Will India Achieve Robust GDP Growth in FY27 Despite Global Challenges?
Synopsis
Key Takeaways
New Delhi, Jan 6 (NationPress) India is projected to record another year of significant economic growth in 2026-27 despite prevailing global uncertainties, according to a report published by India Ratings and Research on Tuesday.
The report anticipates India's real GDP growth to reach 6.9% in FY27, a slight decline from the estimated 7.4% in FY26.
The agency notes that India's strong macroeconomic fundamentals and recent government policy actions should help safeguard the economy from global risks, particularly the trade disruptions stemming from the US tariff situation.
India Ratings highlighted that reforms such as income tax reductions revealed in the FY26 Budget, GST adjustments, and the signing of free trade agreements with Oman, the UK, and New Zealand are expected to bolster the growth rate.
However, the agency has also raised concerns over emerging risks, including the potential onset of an El Nino weather pattern in mid-2026, which could negatively affect agricultural output and rural income.
The services sector is anticipated to remain the key growth driver, with an expansion rate of 8.1%, while the industrial sector is expected to achieve a robust 6.2% growth. The agriculture sector's growth is projected at 3.1%.
On the demand front, private final consumption expenditure (PFCE), which constitutes around 56% of GDP, is expected to increase by 7.6% in FY27, marginally higher than the 7.4% estimated for FY26.
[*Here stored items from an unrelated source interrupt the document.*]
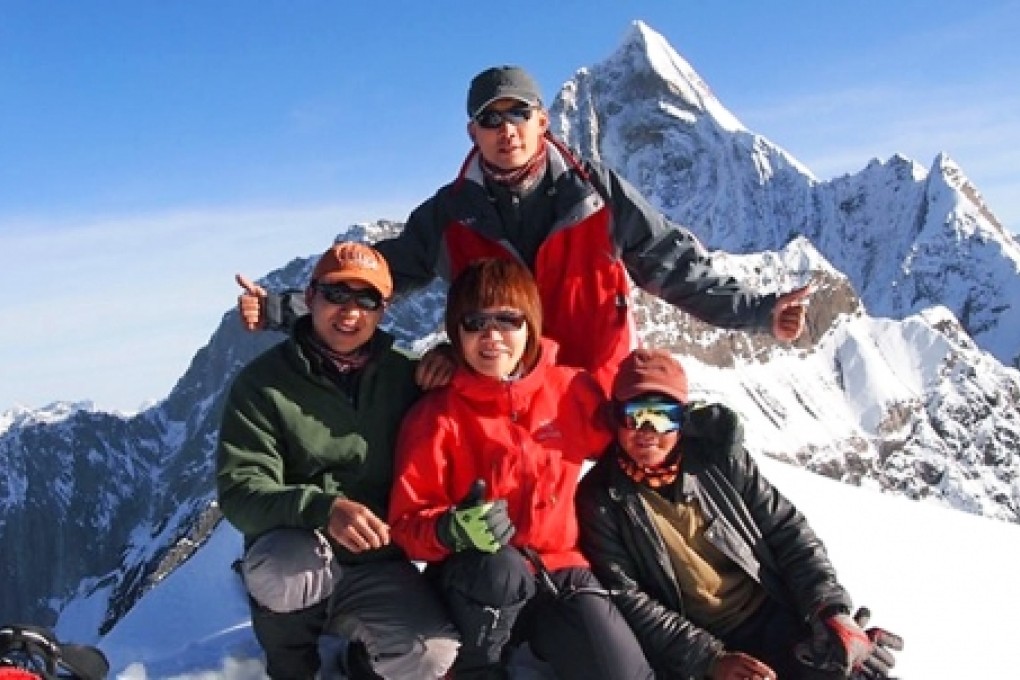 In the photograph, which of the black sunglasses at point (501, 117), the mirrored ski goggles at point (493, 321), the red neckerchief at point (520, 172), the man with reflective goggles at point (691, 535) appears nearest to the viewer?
the mirrored ski goggles at point (493, 321)

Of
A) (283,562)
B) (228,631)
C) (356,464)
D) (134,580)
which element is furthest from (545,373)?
(134,580)

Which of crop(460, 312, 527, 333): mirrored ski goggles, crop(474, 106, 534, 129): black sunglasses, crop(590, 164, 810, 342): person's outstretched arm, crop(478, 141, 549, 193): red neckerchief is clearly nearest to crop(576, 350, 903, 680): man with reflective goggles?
crop(460, 312, 527, 333): mirrored ski goggles

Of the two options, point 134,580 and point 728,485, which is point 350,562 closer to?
point 728,485

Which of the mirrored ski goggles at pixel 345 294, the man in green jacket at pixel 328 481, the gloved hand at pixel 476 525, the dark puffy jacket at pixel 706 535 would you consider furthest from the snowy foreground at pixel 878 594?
the mirrored ski goggles at pixel 345 294

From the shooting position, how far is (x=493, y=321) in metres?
4.90

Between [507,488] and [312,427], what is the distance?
961 millimetres

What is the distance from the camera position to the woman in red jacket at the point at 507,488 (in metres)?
4.54

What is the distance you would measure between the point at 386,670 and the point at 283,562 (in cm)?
72

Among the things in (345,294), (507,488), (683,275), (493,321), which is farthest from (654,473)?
(345,294)

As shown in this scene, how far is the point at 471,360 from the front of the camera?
16.2 feet

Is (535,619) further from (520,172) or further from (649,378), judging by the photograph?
(520,172)

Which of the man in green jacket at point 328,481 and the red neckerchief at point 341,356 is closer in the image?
the man in green jacket at point 328,481

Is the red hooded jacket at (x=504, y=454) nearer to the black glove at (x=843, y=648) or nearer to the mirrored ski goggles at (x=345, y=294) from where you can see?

In terms of investments, while sectors like power, transmission, and logistics are set to maintain capital expenditure momentum, the agency cautioned that a broader investment recovery will require more time, with sectors like textiles likely experiencing slower growth.
"It will still take at least a year for capital expenditure to become widespread," stated India Ratings' Chief Economist Devendra Kumar Pant.
The report predicts that inflation will remain manageable, with India Ratings forecasting an average CPI inflation of 3.8% in FY27, up from an estimated 2.1% in FY26 but still within the Reserve Bank of India's target midpoint of 4%.
Factors such as food price deflation and GST adjustments have contributed to keeping inflation low thus far, but beneficial base effects are expected to diminish in the coming year.
In this context, the ratings agency noted that any further rate cuts would be limited to 25 basis points and would depend entirely on incoming data. The RBI has already reduced policy rates by 125 basis points over the past year, lowering the benchmark rate from 6.5% to 5.25%.
Regarding the external sector, the current account deficit is projected to widen slightly to 1.5% of GDP in FY27, up from 1.3% in FY26, with the rupee expected to average around Rs 92.3 per dollar throughout the year.